> **TO DO**
What you should give back is a precise copy of the lines below from the one containing "Pictograma de botas" through the one containing "2 Pc Car Blind", with no pictures.

> **STUDY MATERIAL**
>>>>
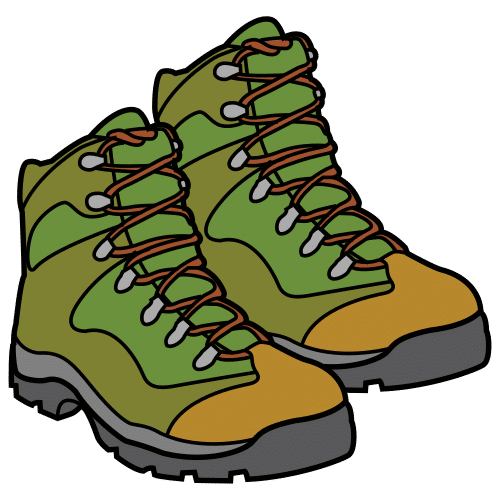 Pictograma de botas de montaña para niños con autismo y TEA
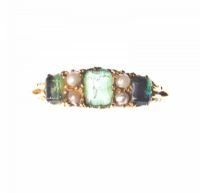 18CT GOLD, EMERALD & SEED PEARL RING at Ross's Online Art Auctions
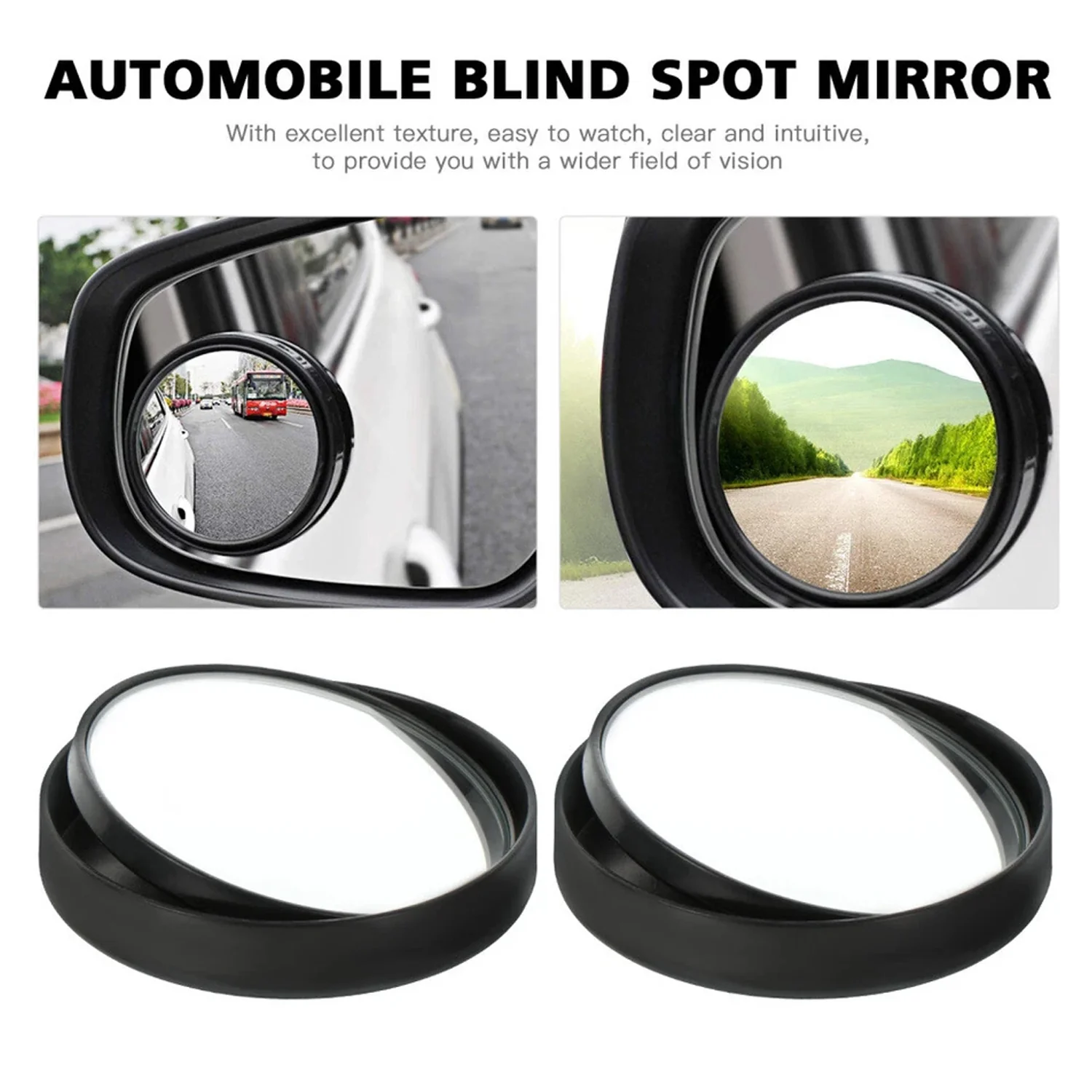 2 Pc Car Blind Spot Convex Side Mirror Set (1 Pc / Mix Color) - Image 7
<<<<
>>>>
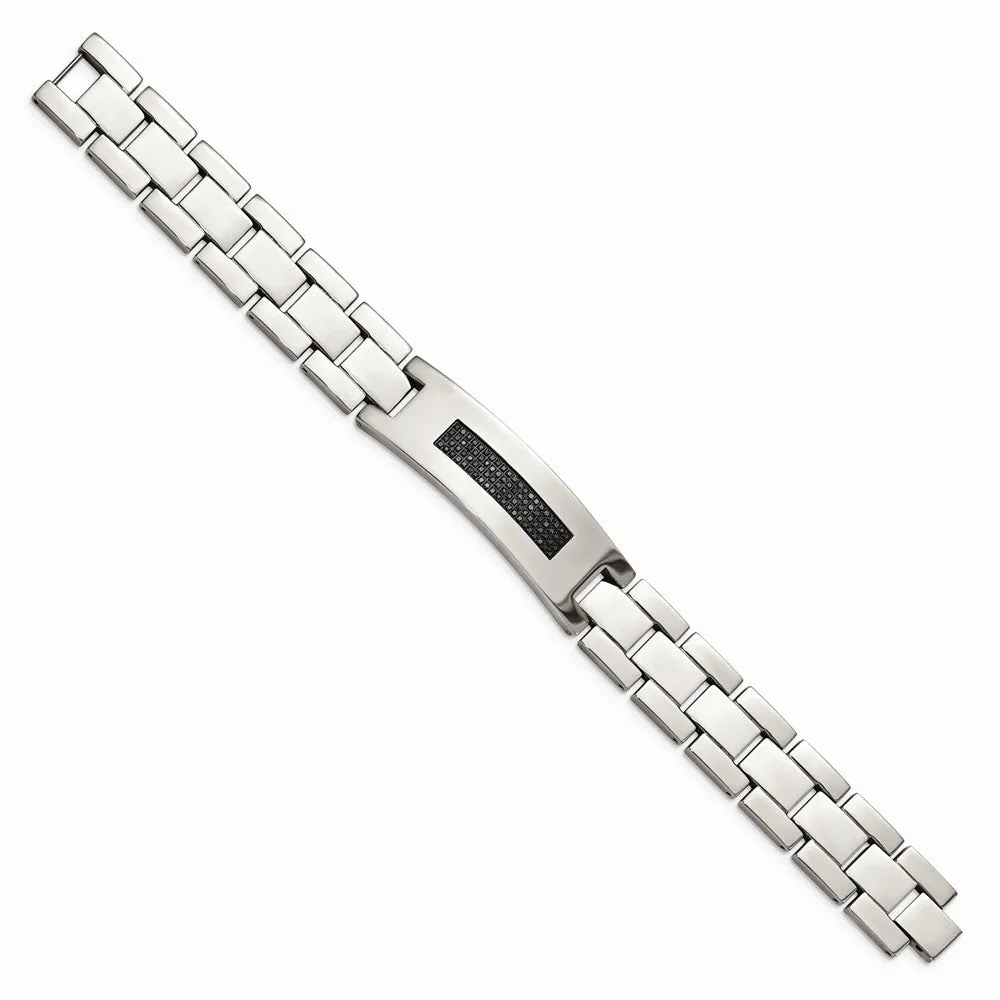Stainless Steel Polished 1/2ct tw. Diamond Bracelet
<<<<
>>>>
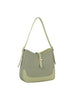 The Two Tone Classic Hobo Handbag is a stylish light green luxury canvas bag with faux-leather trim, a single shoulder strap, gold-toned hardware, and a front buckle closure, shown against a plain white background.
<<<<
> **SOLUTION**
 Pictograma de botas de montaña para niños con autismo y TEA
 18CT GOLD, EMERALD & SEED PEARL RING at Ross's Online Art Auctions
 2 Pc Car Blind Spot Convex Side Mirror Set (1 Pc / Mix Color) - Image 7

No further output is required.